The IRREFUTABLE LAWS of the MARKET
SIX STEPS that every trader needs to know to succeed in the markets.
Step 1: A move begins with the sponsors (smart traders) who have insider knowledge as it relates to a particular stock or market. This information will move a market up or down depending on the insiders' information. These buyers are smart, very smart, and recognize trading/investment opportunities very early in the markup cycle.
Step 2: Days, weeks, or sometimes months after a move has started, there is a brief mention in the electronic media (radio, cable, TV) or on one of the internet chat boards that a market has moved. The public hears for the first time and begins to get interested, but does not buy.
Step 3: A blurb of information appears in print media. The move also begins getting more exposure on blogs and internet message boards. The public starts paying a little more attention, and will buy a little bit.
Step 4: Wall Street and LaSalle Street brokers go into full hype mode and hawk the market to their customers. The public begins buying in greater volume.

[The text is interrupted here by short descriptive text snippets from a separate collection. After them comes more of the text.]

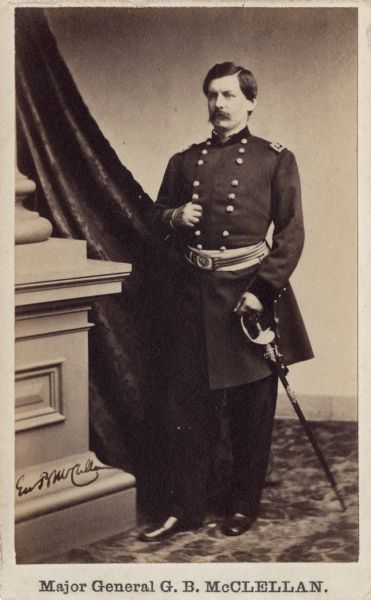 Full-length carte-de-visite portrait of Major General George B. McClellan holding his sword in his left hand. At Major General in the Regular Army. After the First Manassas be was promoted to Commander of the Army of the Potomac, and by November 1861 he was appointed General-in-Chief of the Armies of the United States, where he would serve until November 1862 when the War Department ordered him home to await orders.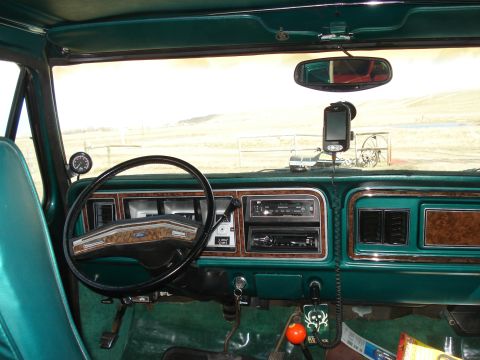 1979 Ford Bronco - Interior view of a 1979 Ford Bronco, wood grain trim and a GPS unit.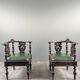 Pair of corner armchairs in carved wood, 19th century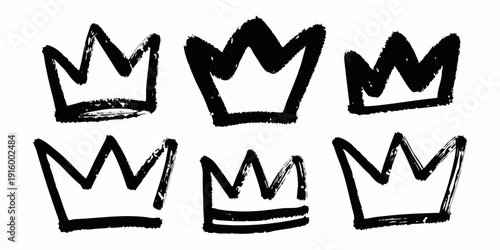 A set of three hand drawn crowns sketched in black ink on a white background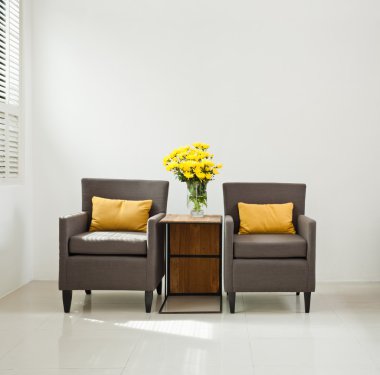 Grey sofa armchair in simple setting clipart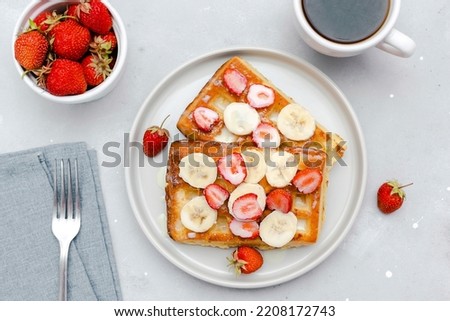 Square belgian waffles with strawberries berries,bananas,condensed milk,honey on plate, cup of coffee espresso. Tasty breakfast, sweet dessert food.selective focus, close up top view flat lay.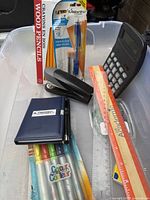 Overview showing packaged pencils, mechanical pencils, stapler, calculator, rulers, memo pad, marker pack and loose writing instruments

Step 5: A full-blown front-page article appears about the particular stock or market in one of the major financial newspapers, magazines, or financial websites. This is often six months after the fact and after a market has shown its greatest appreciation. There is often heavy public buying, even a possible frenzy, as all media, brokers, and so-called "gurus" start to tout the market.
Step 6: As step 5 gets underway, the sponsors or smart traders begin to move out of the market and take their profits off the table.
The Final Step: The move ends, the market falls, and investors lose money.
Does any of this sound familiar to you? If it does then you know the key rules of engagement in the market. If none of this is familiar to you then learn to recognize these six step asap. Your financial life depends on it!!
This is how the markets have worked since the beginning. I hope this insider market tip is of help to you.
14 thoughts on “SIX INSIDER STEPS That Every Trader Needs To Know”
As a vulture capitalist, I would buy puts at step #6 and profit from the slide. Love those timely 'sell triangles'.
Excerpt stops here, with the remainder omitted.